La boule de nerfs bosniaque est partie en ayant tiré profit et en ayant pu gérer et canaliser une génération de joueurs au potentiel admirable.  De Christian Gourcuff on retiendra l’obsession de produire du beau jeu même si on sentait depuis le début qu’Il n’avait pas les coudées franches. Il ne connaissait point les spécificités des gestionnaires de phratrie. En voulant reprendre en main le pouvoir de gestion, il était déjà  englouti par les calculs d’épicier qui ne lui laissaient que le chemin du retour comme solution. Entre-temps les « cadres » avaient déployé leurs tentacules en accointance avec le « cheikh » dans un schéma dressé au préalable et au moment de leur choix « du cœur ». Rajevac et la monumentale faute de casting passèrent leurs tours sous un silence à la Buster Keaton dans un scenario muet et burlesque. Alors que nos rêveries se perdaient dans des fantasmes inaccessibles qui se nommaient Rudi Garcia, Rolland Courbis ou soyons plus fous encore : Marcelo Bielsa, l’éternel « Cheikh » nous sortit de la poche de son costume demi manche l’unique, l’incontestable, le merveilleux  Bozo le clown. Georges Leekens arriva tout auréolé d’une étonnante promotion pour un préretraité du monde du spectacle. Pour faire oublier les austères Vahid, Christian et Milan, il anima une conférence de presse tout en couleur. Au lieu de parler systèmes de jeu ou de préparation, il inonda son interlocution d’anecdotes inutiles et de blagues de mauvais goût. Il avait comme objectif principal de séduire une assistance avide d’un communicateur fiable. Après son spectacle raté, il devait quand même s’atteler à faire le travail qui lui était confié. En pénétrant dans un vestiaire où les mines antipersonnel pouvaient exploser à n’importe quel endroit et à n’importe quel moment, il s’excella dans un équilibrisme digne des plus grands funambules. Il promit une titularisation par ci, un temps de jeu par la et il laissa les résidents permanents du banc de touche à leur place. Il ne pouvait pas toucher à la sacro-sainte hiérarchie. La messe était dite et le Nigeria écrasa nos pitoyables verts sans aucun scrupule. Le triste clown ne faisait plus rire personne…

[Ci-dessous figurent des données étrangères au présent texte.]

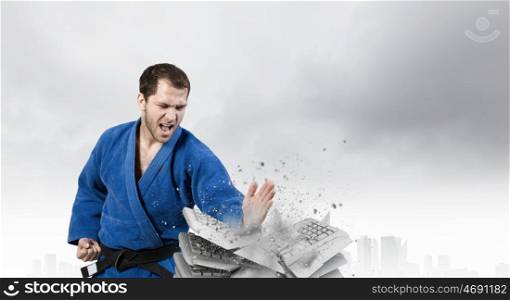 Karate man in blue kimino. Young determined karate man breaking with hand concrete bricks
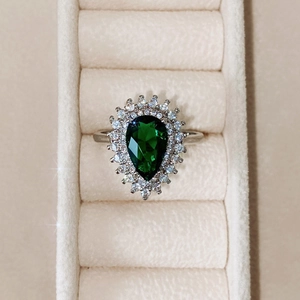 Macro di un anello a goccia di lusso con pietra verde e halo su velluto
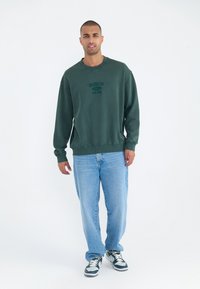 Donkergroene sweatshirt met de opdruk "BROOKLYN 1993 NEW YORK", gecombineerd met lichtblauwe jeans en zwart/witte sneakers. Glad oppervlak, casual ontwerp.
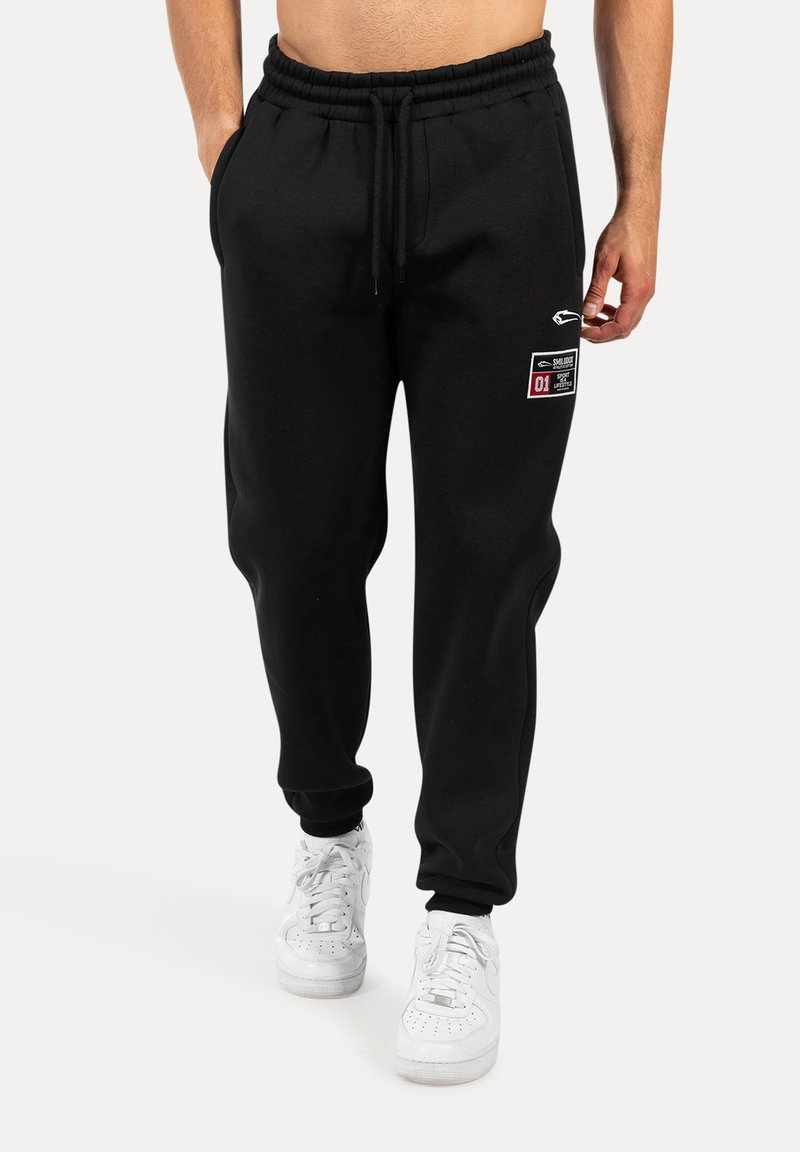 Schwarze Jogginghose mit Kordelzugbund, seitlichen Taschen und einem Logo-Patch mit roten und weißen Akzenten. Getragen mit weißen Turnschuhen.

Mais le fou c’est qui finalement? Le fou c’est moi qui continuais à croire jusqu’aux dernières secondes précédant le match contre le Nigeria qu’on pouvait encore réaliser des merveilles. Le fou c’est moi qui par passion j’aménage mon week-end de façon à pouvoir voir évoluer tous nos internationaux. Les fous c’est nous à qui on a promis un championnat professionnel depuis la nuit des temps alors que les présidents de clubs continuent à exceller dans la servitude et continuent à s’enrichir sur le dos du peuple.  Les fous c’est nous à qui on a promis un jour de mettre en place une direction technique nationale pour une gestion adéquate de tous les aspects techniques. Une direction qui ne verra jamais le jour car de vrais compétences dérangeraient le «Cheikh» dans sa conquête du «Graal».